Scarlet_Buckeye;1740165 wrote:Not really. I may take a lot of shit for this, but I'd rather work with an American than some foreigner who - if I can't pronounce his/her name - I'm probably going to have a harder time understanding them. Why do you think all these call centers give their staff "American sounding names" like "James" when their real names are like "Sanja".
It's a matter of risk/reward. I would gladly accept a lower risk (i.e., hiring an American sounding name) than risk hiring some foreign sounding name (that runs a higher risk of not being able to communicate effectively with).
Again... I don't have to ask them how to pronounce it... If *I* can't read it and pronounce it myself, then I know there's a pretty good chance we're getting off to a bad start and there's a decent chance we're going to have communication issues.
I would agree with your notion that having difficulty understanding someone would most certainly be counter-productive. However, having a name that appears difficult to pronounce doesn't necessitate that the person is a foreigner, and even if he/she is, it doesn't preclude them from being able to speak competent English without an accent.

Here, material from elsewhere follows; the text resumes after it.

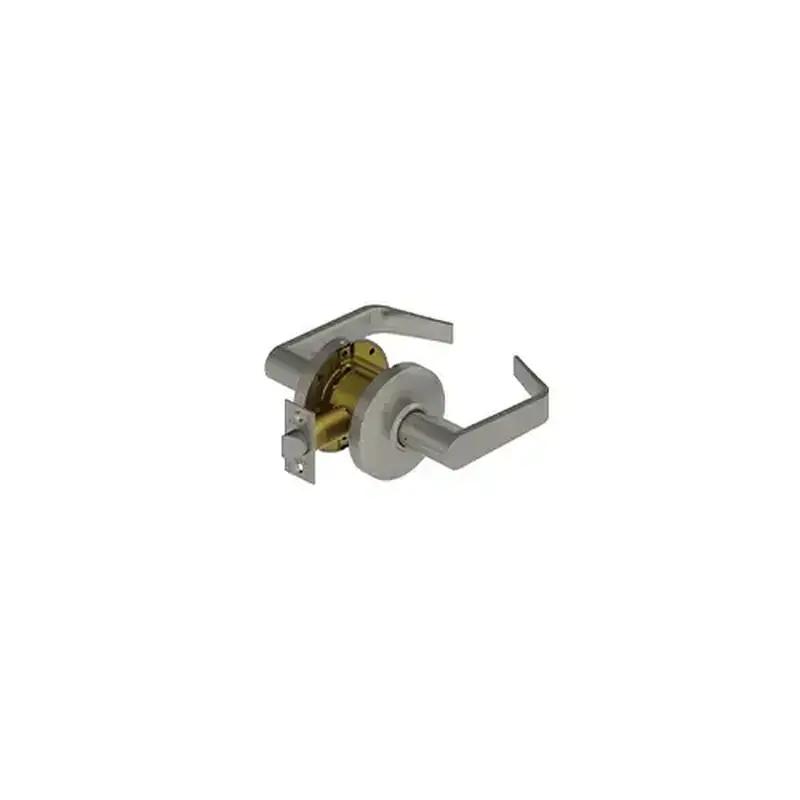 Hager 035532 3510 2-3/4" BLK WTN ASA PAINTED FLAT BLACK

For example, I've worked with three different people who were born in South Africa. All three have moved to the US. Two of them have names I mispronounced when I first met them. All three spoke competent English (two of them spoke it better than most Americans I know), and none of them had much of an accent (one sounded a little European ... maybe French ... but it was faint).

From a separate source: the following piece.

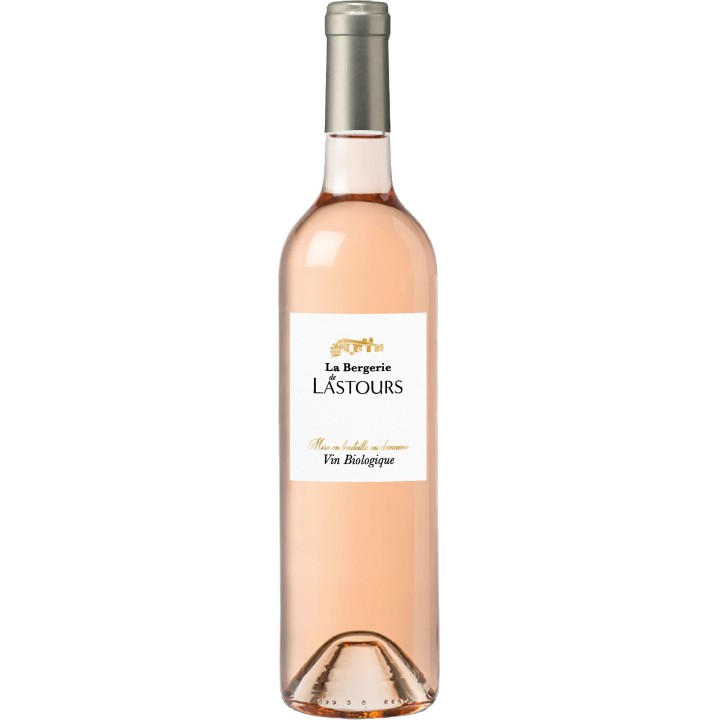 Château de Lastours Bergerie Rosé - 2024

Now, if they'd shown up speaking (and/or understanding) English at an incompetent level, that would have been bad for business, but given the diversity that exists within the US, and given the number of people who maintain elements of their ethnic origins, it's not unreasonable to even find a US citizen, born and raised, with a name that sounds as though it originated in a country that speaks a vastly different language.
If it were a more necessary decision to make early on, I could see it as a necessary evil, but again, it seems superfluous to make a judgment about a person's competence or business acumen based solely on a name their parents gave them at birth.